/lr-scheduler

Custom learning rate scheduler for keras optimizer

Primary LanguagePythonMIT LicenseMIT

Learning Rate Scheduler

Scheduling the learning rate has become a necessity, not an option, in training the deep learning model

By adjusting the lr properly, the model can learn faster and more efficiently than otherwise

This repository provides a powerful custom learning rate scheduler with the latest techniques available for keras optimizer

Here is a simple code snippet for use

lr = 0.001
iterations = 100000
lr_scheduler = LRScheduler(iterations=iterations, lr=lr, policy='step')
for i in range(iterations):
    ...
    lr_scheduler.update(optimizer, i)
    with tf.GradientTape() as tape:
        y_pred = model(x, training=True)
        loss = loss_function(y_true, y_pred)
        gradients = tape.gradient(loss, model.trainable_variables)
    optimizer.apply_gradients(zip(gradients, model.trainable_variables))
    ...

Constant LR

Use a fixed learning rate. Same as not using scheduling

Step Decay

Step decay dramatically lowers the learning rate later in the training, allowing more detailed learning to the parts that could not be learned with constant lr

lr_scheduler = LRScheduler(iterations=iterations, lr=lr, policy='step')

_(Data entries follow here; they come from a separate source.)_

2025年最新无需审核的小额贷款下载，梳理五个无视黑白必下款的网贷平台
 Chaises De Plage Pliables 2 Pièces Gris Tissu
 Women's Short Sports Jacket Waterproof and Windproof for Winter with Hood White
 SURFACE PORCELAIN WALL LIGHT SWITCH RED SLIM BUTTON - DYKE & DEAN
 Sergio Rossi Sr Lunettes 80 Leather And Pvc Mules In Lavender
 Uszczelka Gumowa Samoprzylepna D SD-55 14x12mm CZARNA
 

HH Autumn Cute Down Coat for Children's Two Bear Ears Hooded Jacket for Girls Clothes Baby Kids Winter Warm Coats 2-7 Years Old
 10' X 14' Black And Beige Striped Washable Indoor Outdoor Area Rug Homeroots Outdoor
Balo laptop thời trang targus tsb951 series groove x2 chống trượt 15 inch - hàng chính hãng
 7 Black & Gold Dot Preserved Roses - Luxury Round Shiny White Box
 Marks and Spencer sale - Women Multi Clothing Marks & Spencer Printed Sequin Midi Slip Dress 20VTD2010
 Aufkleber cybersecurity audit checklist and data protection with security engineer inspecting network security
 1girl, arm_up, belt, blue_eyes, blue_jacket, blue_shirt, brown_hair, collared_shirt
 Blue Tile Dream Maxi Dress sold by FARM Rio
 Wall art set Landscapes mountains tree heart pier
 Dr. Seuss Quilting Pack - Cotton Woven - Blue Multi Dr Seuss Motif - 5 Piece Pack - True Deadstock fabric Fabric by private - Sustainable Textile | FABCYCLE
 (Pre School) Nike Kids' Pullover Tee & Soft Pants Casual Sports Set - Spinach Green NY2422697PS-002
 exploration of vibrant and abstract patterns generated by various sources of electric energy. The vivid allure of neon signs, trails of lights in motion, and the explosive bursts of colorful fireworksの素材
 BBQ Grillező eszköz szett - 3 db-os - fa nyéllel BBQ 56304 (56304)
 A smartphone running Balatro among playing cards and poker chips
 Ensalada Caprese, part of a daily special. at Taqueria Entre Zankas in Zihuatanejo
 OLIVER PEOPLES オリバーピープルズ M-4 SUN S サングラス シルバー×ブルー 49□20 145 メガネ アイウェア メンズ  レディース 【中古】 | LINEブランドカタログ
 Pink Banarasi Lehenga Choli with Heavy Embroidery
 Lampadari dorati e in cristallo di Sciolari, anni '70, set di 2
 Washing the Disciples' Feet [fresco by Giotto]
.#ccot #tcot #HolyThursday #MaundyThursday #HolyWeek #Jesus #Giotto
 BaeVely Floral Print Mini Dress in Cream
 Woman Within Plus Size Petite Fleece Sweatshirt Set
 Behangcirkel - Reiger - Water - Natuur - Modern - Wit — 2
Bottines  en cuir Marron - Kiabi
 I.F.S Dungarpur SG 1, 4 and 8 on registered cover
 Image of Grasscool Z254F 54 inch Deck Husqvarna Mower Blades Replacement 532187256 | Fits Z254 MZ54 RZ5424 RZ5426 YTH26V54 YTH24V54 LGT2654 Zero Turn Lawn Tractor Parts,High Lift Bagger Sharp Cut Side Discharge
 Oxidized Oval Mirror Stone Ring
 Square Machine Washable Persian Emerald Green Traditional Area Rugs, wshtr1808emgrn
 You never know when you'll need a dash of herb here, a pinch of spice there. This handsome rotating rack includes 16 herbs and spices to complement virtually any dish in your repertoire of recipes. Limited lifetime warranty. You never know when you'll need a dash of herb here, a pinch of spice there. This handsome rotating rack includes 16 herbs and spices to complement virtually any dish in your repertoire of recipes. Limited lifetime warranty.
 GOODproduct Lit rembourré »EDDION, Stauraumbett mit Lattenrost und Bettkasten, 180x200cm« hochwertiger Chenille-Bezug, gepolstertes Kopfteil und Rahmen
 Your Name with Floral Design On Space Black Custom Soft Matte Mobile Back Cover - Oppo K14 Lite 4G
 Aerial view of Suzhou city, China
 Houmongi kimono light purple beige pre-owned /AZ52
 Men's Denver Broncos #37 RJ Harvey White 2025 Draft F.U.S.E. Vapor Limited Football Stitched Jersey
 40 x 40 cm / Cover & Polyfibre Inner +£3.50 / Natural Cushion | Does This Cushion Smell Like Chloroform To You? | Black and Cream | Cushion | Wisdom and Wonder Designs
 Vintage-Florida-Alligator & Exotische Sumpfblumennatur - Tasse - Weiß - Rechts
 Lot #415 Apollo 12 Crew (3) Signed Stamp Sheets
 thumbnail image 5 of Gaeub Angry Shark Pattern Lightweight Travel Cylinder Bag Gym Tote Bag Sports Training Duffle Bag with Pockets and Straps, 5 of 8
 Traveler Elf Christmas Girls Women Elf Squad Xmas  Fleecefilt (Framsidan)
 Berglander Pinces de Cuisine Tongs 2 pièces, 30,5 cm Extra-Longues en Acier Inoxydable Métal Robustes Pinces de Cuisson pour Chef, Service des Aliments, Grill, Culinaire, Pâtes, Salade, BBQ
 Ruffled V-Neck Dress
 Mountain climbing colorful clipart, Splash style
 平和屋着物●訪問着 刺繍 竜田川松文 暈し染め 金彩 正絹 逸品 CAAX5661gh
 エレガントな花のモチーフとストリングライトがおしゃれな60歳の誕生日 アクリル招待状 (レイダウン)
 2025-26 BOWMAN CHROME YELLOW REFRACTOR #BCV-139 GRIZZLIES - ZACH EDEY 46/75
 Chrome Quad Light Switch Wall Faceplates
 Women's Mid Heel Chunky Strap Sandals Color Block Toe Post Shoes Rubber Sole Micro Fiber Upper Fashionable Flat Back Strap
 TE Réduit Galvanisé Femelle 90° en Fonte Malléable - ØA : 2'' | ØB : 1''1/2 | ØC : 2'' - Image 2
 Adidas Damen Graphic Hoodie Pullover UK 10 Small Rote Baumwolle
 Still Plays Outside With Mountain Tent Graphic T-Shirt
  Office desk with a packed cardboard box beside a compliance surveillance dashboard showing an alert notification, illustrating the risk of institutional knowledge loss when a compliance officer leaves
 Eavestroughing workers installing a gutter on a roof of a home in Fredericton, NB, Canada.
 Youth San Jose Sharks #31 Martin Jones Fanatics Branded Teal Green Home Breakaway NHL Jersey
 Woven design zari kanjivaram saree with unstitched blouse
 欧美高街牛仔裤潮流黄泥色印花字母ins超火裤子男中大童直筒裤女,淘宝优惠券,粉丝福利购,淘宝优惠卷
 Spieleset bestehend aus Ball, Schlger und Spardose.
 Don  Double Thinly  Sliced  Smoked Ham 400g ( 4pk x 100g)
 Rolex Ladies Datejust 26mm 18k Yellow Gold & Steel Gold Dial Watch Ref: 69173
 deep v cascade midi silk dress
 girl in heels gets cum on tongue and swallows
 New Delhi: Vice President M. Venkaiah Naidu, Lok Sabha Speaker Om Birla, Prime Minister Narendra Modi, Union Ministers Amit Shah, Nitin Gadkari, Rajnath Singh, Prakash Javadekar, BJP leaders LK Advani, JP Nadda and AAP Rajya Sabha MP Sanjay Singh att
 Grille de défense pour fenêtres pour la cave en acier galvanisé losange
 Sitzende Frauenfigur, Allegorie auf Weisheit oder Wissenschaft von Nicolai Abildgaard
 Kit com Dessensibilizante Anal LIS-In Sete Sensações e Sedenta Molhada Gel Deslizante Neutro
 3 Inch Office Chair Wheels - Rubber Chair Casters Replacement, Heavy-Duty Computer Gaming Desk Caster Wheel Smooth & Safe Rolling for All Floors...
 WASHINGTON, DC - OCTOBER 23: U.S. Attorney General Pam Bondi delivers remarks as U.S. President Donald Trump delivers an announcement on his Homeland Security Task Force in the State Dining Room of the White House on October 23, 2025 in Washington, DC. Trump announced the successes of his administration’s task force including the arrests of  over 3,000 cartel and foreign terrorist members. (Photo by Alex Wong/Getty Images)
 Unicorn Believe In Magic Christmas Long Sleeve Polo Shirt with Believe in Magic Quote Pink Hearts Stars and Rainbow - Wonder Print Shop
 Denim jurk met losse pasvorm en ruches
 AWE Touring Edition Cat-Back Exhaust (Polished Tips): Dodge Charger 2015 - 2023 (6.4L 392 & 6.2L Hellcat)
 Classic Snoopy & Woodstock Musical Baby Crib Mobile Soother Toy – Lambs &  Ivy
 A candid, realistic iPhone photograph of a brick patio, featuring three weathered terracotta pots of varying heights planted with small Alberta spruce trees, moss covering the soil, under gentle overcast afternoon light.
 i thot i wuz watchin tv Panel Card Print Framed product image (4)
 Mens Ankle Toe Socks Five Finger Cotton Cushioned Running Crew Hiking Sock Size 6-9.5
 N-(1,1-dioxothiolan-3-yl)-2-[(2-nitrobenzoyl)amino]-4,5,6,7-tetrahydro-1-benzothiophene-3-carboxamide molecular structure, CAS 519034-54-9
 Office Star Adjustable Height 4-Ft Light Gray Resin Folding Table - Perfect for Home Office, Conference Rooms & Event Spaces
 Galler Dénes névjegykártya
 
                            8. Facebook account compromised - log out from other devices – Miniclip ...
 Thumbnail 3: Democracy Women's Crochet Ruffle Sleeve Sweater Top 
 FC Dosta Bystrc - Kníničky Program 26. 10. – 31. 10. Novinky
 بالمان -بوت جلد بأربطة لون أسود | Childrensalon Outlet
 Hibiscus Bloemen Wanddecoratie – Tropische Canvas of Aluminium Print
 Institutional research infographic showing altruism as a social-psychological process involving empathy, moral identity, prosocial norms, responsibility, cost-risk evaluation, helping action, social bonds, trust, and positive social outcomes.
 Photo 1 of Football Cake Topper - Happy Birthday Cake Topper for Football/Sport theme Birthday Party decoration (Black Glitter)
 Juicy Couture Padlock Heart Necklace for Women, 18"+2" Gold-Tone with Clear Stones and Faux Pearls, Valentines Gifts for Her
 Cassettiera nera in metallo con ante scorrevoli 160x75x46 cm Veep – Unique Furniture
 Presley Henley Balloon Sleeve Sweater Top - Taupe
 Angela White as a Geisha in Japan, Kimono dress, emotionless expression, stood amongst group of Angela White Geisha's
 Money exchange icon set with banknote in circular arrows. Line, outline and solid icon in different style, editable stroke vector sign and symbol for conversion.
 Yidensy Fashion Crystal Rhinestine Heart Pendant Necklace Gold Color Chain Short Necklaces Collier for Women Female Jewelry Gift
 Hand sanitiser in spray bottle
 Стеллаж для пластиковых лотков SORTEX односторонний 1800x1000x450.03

I found that using warm_up with 'step' policy makes learning more stable and faster

Warm_up is a method of learning by slowly increasing lr from 0 until the set lr is reached

This method is used to train various deep learning models and works mostly well regardless of which optimizer you use

Here's how to use warm_up

lr_scheduler = LRScheduler(iterations=iterations, lr=lr, policy='step', warm_up=0.1)

The default warm_up value is 0.1, which is used to lr warm up by 10% of the given iterations

If the model does not train stably, it may be helpful to use a larger value, such as 0.5

The lr of the 'step' policy with a warm_up value of 0.5 is scheduled as follows

Cosine annealing with warm restart

The cosine decay policy is a method of decreasing lr using the cosine function, raising it rapidly, and then decreasing it again

It is known to learn the model quickly in a short time

lr_scheduler = LRScheduler(iterations=iterations, lr=lr, policy='cosine')

At the end of each cosine cycle, the cycle length is doubled, which can be adjusted to cycle_weight

One cycle(super convergence)

The one cycle policy, also called super convergence, is similar to the cosine function

But unlike cosine, it's a scheduling method that has only one increase and one decrease

According to a super convergence paper, learning is up to 10 times faster than using constant lr

lr_scheduler = LRScheduler(iterations=iterations, lr=lr, policy='onecycle')